▸ **Work required**:
Every entry must appear in the answer exactly as it does here.

[Start of Attachment]

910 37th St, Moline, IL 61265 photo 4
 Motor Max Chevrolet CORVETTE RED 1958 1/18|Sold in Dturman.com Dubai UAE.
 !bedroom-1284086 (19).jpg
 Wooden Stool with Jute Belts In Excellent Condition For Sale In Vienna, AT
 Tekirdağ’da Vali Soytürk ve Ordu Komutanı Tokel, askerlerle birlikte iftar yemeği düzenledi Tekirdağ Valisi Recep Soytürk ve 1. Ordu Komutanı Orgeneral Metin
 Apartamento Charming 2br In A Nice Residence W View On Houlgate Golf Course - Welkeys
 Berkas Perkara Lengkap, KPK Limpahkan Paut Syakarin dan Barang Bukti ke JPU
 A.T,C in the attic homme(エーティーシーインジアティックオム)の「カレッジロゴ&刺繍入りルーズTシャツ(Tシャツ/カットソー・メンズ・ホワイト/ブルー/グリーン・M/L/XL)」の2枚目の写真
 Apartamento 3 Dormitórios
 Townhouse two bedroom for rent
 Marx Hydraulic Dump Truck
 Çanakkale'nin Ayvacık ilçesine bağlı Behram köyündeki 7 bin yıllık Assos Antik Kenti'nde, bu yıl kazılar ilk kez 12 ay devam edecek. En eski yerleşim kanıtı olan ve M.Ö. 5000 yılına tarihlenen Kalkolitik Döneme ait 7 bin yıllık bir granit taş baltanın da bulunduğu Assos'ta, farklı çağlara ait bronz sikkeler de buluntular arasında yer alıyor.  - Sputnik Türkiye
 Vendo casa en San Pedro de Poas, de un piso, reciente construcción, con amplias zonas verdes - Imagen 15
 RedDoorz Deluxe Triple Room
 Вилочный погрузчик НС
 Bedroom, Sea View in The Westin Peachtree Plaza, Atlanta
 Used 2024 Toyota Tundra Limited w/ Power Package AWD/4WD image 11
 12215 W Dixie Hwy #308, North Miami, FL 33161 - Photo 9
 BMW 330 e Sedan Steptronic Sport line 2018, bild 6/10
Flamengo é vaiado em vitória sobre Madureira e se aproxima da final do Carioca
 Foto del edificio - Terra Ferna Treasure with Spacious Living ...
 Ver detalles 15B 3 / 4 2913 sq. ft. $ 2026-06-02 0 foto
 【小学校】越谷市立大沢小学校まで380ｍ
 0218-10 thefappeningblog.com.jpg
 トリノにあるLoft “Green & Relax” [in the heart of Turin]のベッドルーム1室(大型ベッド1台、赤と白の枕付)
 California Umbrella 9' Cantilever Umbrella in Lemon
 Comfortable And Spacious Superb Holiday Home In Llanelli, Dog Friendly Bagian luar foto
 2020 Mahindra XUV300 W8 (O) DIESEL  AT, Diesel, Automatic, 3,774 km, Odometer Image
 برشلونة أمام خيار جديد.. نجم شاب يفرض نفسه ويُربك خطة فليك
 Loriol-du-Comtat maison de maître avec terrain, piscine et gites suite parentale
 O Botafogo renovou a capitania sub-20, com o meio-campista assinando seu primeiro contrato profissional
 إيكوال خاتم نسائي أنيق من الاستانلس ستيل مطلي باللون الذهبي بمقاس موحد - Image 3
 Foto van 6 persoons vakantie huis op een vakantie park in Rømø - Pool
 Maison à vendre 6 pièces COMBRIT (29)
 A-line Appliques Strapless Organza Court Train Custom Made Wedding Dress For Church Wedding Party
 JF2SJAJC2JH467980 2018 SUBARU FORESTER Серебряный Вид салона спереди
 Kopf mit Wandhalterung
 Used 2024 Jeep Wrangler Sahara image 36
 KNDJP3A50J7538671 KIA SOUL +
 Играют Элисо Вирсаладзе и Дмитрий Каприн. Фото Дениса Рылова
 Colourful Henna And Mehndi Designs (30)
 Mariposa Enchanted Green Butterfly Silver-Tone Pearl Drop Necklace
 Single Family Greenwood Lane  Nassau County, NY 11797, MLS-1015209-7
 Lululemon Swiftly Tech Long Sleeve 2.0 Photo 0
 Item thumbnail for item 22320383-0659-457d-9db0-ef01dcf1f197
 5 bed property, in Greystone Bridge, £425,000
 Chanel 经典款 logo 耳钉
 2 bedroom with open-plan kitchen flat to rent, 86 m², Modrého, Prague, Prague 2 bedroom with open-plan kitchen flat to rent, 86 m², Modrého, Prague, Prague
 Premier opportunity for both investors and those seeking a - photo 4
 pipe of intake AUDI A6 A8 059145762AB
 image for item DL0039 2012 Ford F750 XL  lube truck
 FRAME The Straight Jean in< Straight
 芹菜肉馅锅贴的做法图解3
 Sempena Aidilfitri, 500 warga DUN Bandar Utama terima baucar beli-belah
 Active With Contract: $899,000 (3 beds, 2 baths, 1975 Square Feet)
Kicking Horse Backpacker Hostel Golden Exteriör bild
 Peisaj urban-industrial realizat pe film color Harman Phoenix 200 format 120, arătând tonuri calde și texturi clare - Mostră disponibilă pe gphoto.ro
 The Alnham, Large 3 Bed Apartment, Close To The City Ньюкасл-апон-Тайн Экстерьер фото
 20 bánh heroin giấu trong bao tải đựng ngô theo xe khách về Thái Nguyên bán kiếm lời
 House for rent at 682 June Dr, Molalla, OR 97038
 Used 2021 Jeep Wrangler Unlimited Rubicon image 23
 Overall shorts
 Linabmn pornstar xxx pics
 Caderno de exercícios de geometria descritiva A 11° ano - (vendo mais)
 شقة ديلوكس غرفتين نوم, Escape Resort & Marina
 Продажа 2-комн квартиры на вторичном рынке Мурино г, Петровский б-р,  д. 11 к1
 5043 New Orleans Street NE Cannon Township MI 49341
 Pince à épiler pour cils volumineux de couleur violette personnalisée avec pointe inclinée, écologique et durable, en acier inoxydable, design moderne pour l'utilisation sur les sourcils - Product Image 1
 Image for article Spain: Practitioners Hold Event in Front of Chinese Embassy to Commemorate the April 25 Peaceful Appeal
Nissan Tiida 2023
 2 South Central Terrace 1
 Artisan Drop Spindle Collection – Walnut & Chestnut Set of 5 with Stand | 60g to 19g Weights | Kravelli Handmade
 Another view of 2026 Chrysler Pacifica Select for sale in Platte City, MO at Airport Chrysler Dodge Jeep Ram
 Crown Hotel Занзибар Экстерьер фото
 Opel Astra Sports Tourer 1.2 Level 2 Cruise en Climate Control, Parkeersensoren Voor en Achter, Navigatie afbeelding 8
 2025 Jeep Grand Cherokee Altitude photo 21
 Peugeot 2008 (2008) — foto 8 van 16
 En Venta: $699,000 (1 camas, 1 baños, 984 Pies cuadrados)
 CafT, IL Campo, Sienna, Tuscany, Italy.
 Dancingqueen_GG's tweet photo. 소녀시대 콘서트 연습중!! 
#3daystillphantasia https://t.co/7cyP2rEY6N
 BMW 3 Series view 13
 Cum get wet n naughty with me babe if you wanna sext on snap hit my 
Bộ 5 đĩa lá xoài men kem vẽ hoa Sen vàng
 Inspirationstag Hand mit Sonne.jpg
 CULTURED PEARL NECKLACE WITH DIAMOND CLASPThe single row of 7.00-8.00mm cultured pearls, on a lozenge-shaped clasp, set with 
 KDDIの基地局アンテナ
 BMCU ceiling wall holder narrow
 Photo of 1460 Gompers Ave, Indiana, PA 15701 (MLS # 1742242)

[End of Attachment]

▸ **Problem solution**:
910 37th St, Moline, IL 61265 photo 4
 Motor Max Chevrolet CORVETTE RED 1958 1/18|Sold in Dturman.com Dubai UAE.
 !bedroom-1284086 (19).jpg
 Wooden Stool with Jute Belts In Excellent Condition For Sale In Vienna, AT
 Tekirdağ’da Vali Soytürk ve Ordu Komutanı Tokel, askerlerle birlikte iftar yemeği düzenledi Tekirdağ Valisi Recep Soytürk ve 1. Ordu Komutanı Orgeneral Metin
 Apartamento Charming 2br In A Nice Residence W View On Houlgate Golf Course - Welkeys
 Berkas Perkara Lengkap, KPK Limpahkan Paut Syakarin dan Barang Bukti ke JPU
 A.T,C in the attic homme(エーティーシーインジアティックオム)の「カレッジロゴ&刺繍入りルーズTシャツ(Tシャツ/カットソー・メンズ・ホワイト/ブルー/グリーン・M/L/XL)」の2枚目の写真
 Apartamento 3 Dormitórios
 Townhouse two bedroom for rent
 Marx Hydraulic Dump Truck
 Çanakkale'nin Ayvacık ilçesine bağlı Behram köyündeki 7 bin yıllık Assos Antik Kenti'nde, bu yıl kazılar ilk kez 12 ay devam edecek. En eski yerleşim kanıtı olan ve M.Ö. 5000 yılına tarihlenen Kalkolitik Döneme ait 7 bin yıllık bir granit taş baltanın da bulunduğu Assos'ta, farklı çağlara ait bronz sikkeler de buluntular arasında yer alıyor.  - Sputnik Türkiye
 Vendo casa en San Pedro de Poas, de un piso, reciente construcción, con amplias zonas verdes - Imagen 15
 RedDoorz Deluxe Triple Room
 Вилочный погрузчик НС
 Bedroom, Sea View in The Westin Peachtree Plaza, Atlanta
 Used 2024 Toyota Tundra Limited w/ Power Package AWD/4WD image 11
 12215 W Dixie Hwy #308, North Miami, FL 33161 - Photo 9
 BMW 330 e Sedan Steptronic Sport line 2018, bild 6/10
Flamengo é vaiado em vitória sobre Madureira e se aproxima da final do Carioca
 Foto del edificio - Terra Ferna Treasure with Spacious Living ...
 Ver detalles 15B 3 / 4 2913 sq. ft. $ 2026-06-02 0 foto
 【小学校】越谷市立大沢小学校まで380ｍ
 0218-10 thefappeningblog.com.jpg
 トリノにあるLoft “Green & Relax” [in the heart of Turin]のベッドルーム1室(大型ベッド1台、赤と白の枕付)
 California Umbrella 9' Cantilever Umbrella in Lemon
 Comfortable And Spacious Superb Holiday Home In Llanelli, Dog Friendly Bagian luar foto
 2020 Mahindra XUV300 W8 (O) DIESEL  AT, Diesel, Automatic, 3,774 km, Odometer Image
 برشلونة أمام خيار جديد.. نجم شاب يفرض نفسه ويُربك خطة فليك
 Loriol-du-Comtat maison de maître avec terrain, piscine et gites suite parentale
 O Botafogo renovou a capitania sub-20, com o meio-campista assinando seu primeiro contrato profissional
 إيكوال خاتم نسائي أنيق من الاستانلس ستيل مطلي باللون الذهبي بمقاس موحد - Image 3
 Foto van 6 persoons vakantie huis op een vakantie park in Rømø - Pool
 Maison à vendre 6 pièces COMBRIT (29)
 A-line Appliques Strapless Organza Court Train Custom Made Wedding Dress For Church Wedding Party
 JF2SJAJC2JH467980 2018 SUBARU FORESTER Серебряный Вид салона спереди
 Kopf mit Wandhalterung
 Used 2024 Jeep Wrangler Sahara image 36
 KNDJP3A50J7538671 KIA SOUL +
 Играют Элисо Вирсаладзе и Дмитрий Каприн. Фото Дениса Рылова
 Colourful Henna And Mehndi Designs (30)
 Mariposa Enchanted Green Butterfly Silver-Tone Pearl Drop Necklace
 Single Family Greenwood Lane  Nassau County, NY 11797, MLS-1015209-7
 Lululemon Swiftly Tech Long Sleeve 2.0 Photo 0
 Item thumbnail for item 22320383-0659-457d-9db0-ef01dcf1f197
 5 bed property, in Greystone Bridge, £425,000
 Chanel 经典款 logo 耳钉
 2 bedroom with open-plan kitchen flat to rent, 86 m², Modrého, Prague, Prague 2 bedroom with open-plan kitchen flat to rent, 86 m², Modrého, Prague, Prague
 Premier opportunity for both investors and those seeking a - photo 4
 pipe of intake AUDI A6 A8 059145762AB
 image for item DL0039 2012 Ford F750 XL  lube truck
 FRAME The Straight Jean in< Straight
 芹菜肉馅锅贴的做法图解3
 Sempena Aidilfitri, 500 warga DUN Bandar Utama terima baucar beli-belah
 Active With Contract: $899,000 (3 beds, 2 baths, 1975 Square Feet)
Kicking Horse Backpacker Hostel Golden Exteriör bild
 Peisaj urban-industrial realizat pe film color Harman Phoenix 200 format 120, arătând tonuri calde și texturi clare - Mostră disponibilă pe gphoto.ro
 The Alnham, Large 3 Bed Apartment, Close To The City Ньюкасл-апон-Тайн Экстерьер фото
 20 bánh heroin giấu trong bao tải đựng ngô theo xe khách về Thái Nguyên bán kiếm lời
 House for rent at 682 June Dr, Molalla, OR 97038
 Used 2021 Jeep Wrangler Unlimited Rubicon image 23
 Overall shorts
 Linabmn pornstar xxx pics
 Caderno de exercícios de geometria descritiva A 11° ano - (vendo mais)
 شقة ديلوكس غرفتين نوم, Escape Resort & Marina
 Продажа 2-комн квартиры на вторичном рынке Мурино г, Петровский б-р,  д. 11 к1
 5043 New Orleans Street NE Cannon Township MI 49341
 Pince à épiler pour cils volumineux de couleur violette personnalisée avec pointe inclinée, écologique et durable, en acier inoxydable, design moderne pour l'utilisation sur les sourcils - Product Image 1
 Image for article Spain: Practitioners Hold Event in Front of Chinese Embassy to Commemorate the April 25 Peaceful Appeal
Nissan Tiida 2023
 2 South Central Terrace 1
 Artisan Drop Spindle Collection – Walnut & Chestnut Set of 5 with Stand | 60g to 19g Weights | Kravelli Handmade
 Another view of 2026 Chrysler Pacifica Select for sale in Platte City, MO at Airport Chrysler Dodge Jeep Ram
 Crown Hotel Занзибар Экстерьер фото
 Opel Astra Sports Tourer 1.2 Level 2 Cruise en Climate Control, Parkeersensoren Voor en Achter, Navigatie afbeelding 8
 2025 Jeep Grand Cherokee Altitude photo 21
 Peugeot 2008 (2008) — foto 8 van 16
 En Venta: $699,000 (1 camas, 1 baños, 984 Pies cuadrados)
 CafT, IL Campo, Sienna, Tuscany, Italy.
 Dancingqueen_GG's tweet photo. 소녀시대 콘서트 연습중!! 
#3daystillphantasia https://t.co/7cyP2rEY6N
 BMW 3 Series view 13
 Cum get wet n naughty with me babe if you wanna sext on snap hit my 
Bộ 5 đĩa lá xoài men kem vẽ hoa Sen vàng
 Inspirationstag Hand mit Sonne.jpg
 CULTURED PEARL NECKLACE WITH DIAMOND CLASPThe single row of 7.00-8.00mm cultured pearls, on a lozenge-shaped clasp, set with 
 KDDIの基地局アンテナ
 BMCU ceiling wall holder narrow
 Photo of 1460 Gompers Ave, Indiana, PA 15701 (MLS # 1742242)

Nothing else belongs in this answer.